[YOUR INSTRUCTIONS] What is needed is a word-for-word copy of every record below, minus the pictures.

[DATA PROVIDED]

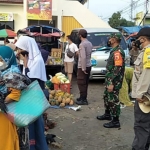 Anggota Koramil Jogorogo saat memberikan sosialisasi prokes di pasar tradisional.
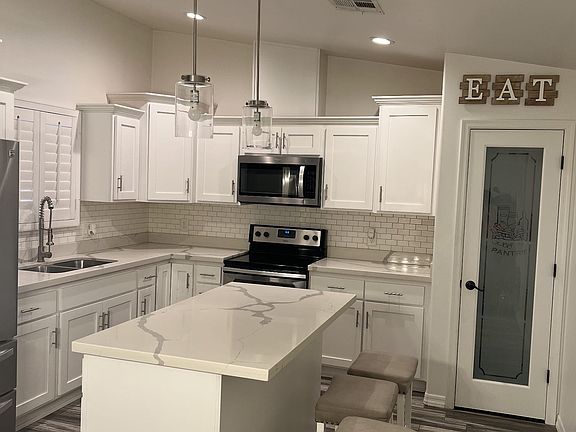 4th image of 10414 E 38th St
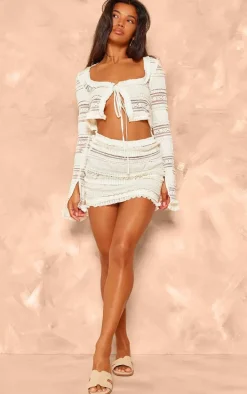 Cream Textured Ruffle Cut Out Tie Bodycon Dress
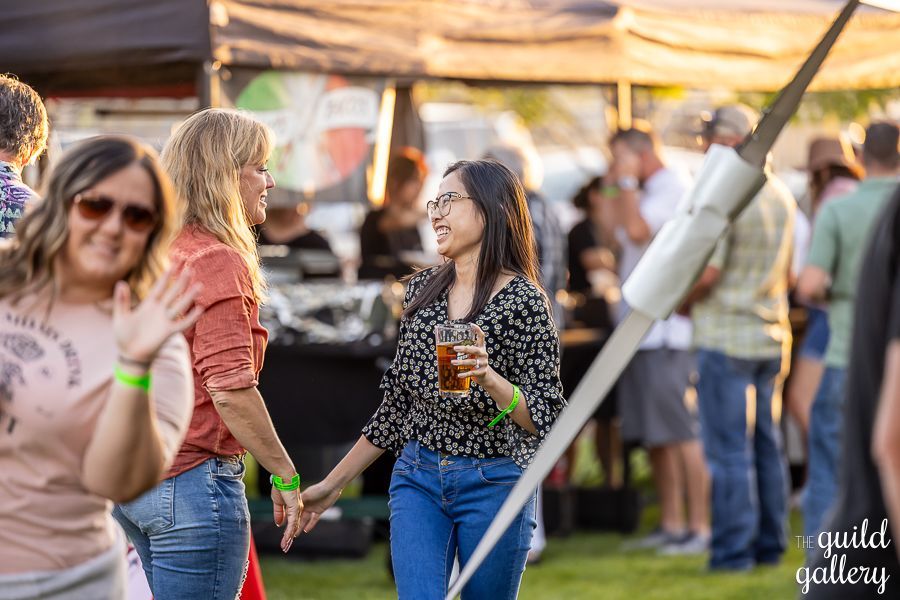 A group of people are standing in a field holding hands and drinking beer.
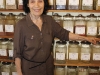 Evelyn Dorfman of Thuna Herbals stands behind her expansive herb collection. Among her favourites are yarrow flower and Siberian ginseng. (Photo by William Lem)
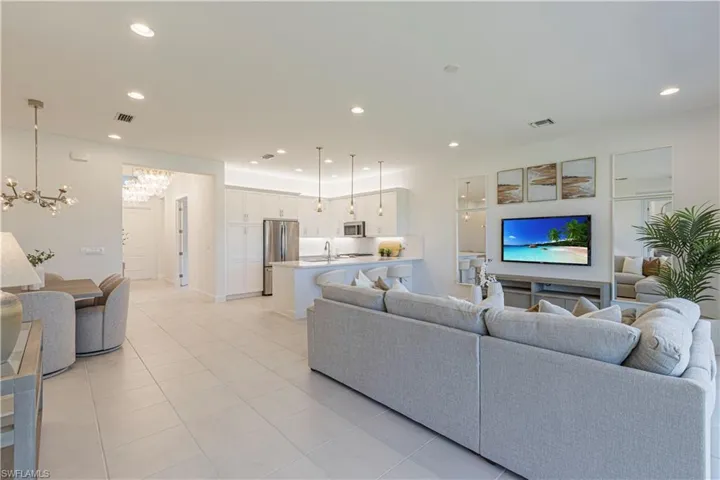 Living room with sink, light tile floors, and a chandelier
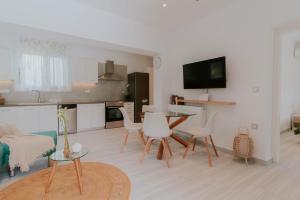 a living room with a table and chairs and a kitchen at Kaliva Residence in Kalamaki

[SOLUTION TO THIS PROBLEM]
 Anggota Koramil Jogorogo saat memberikan sosialisasi prokes di pasar tradisional.
 4th image of 10414 E 38th St
 Cream Textured Ruffle Cut Out Tie Bodycon Dress
 A group of people are standing in a field holding hands and drinking beer.
 Evelyn Dorfman of Thuna Herbals stands behind her expansive herb collection. Among her favourites are yarrow flower and Siberian ginseng. (Photo by William Lem)
 Living room with sink, light tile floors, and a chandelier
 a living room with a table and chairs and a kitchen at Kaliva Residence in Kalamaki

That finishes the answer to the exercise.